Copy out exactly the lines spanning the line with "Sandy Days with Hotel NSW" to the line with "Un BMW s-a făcut", inclusive, from the data underneath, with no pictures.

# RECORDS PROVIDED:
┄┄┄┄┄┄┄┄┄┄

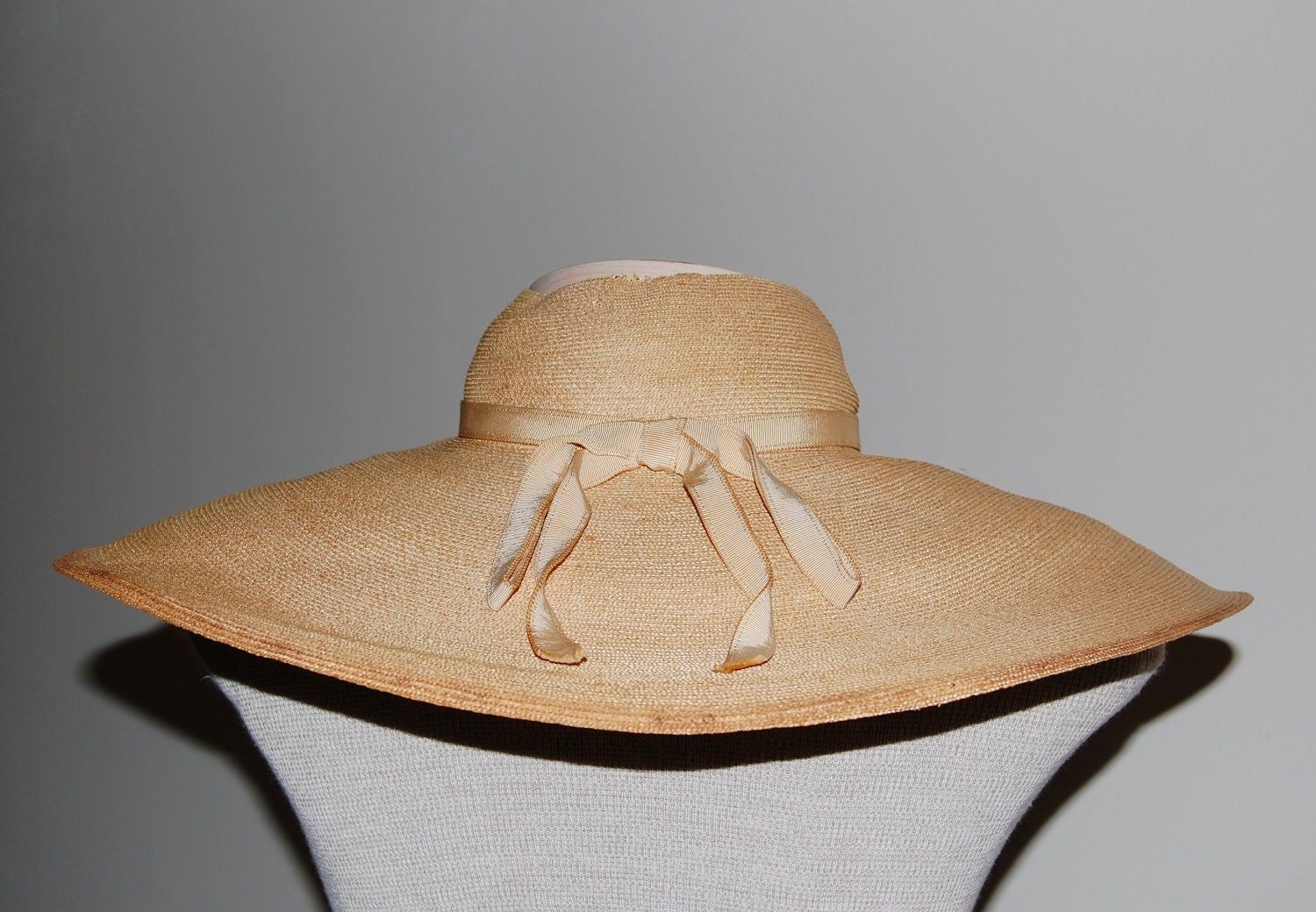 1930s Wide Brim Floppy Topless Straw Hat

┄┄┄┄┄┄┄┄┄┄

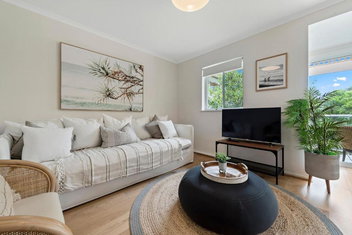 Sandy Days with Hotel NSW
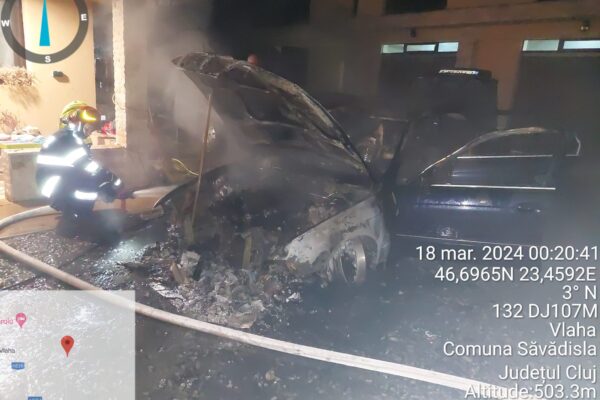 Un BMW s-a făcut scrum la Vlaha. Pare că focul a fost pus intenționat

┄┄┄┄┄┄┄┄┄┄

# RESULT OF THIS TASK:
 Sandy Days with Hotel NSW
 Un BMW s-a făcut scrum la Vlaha. Pare că focul a fost pus intenționat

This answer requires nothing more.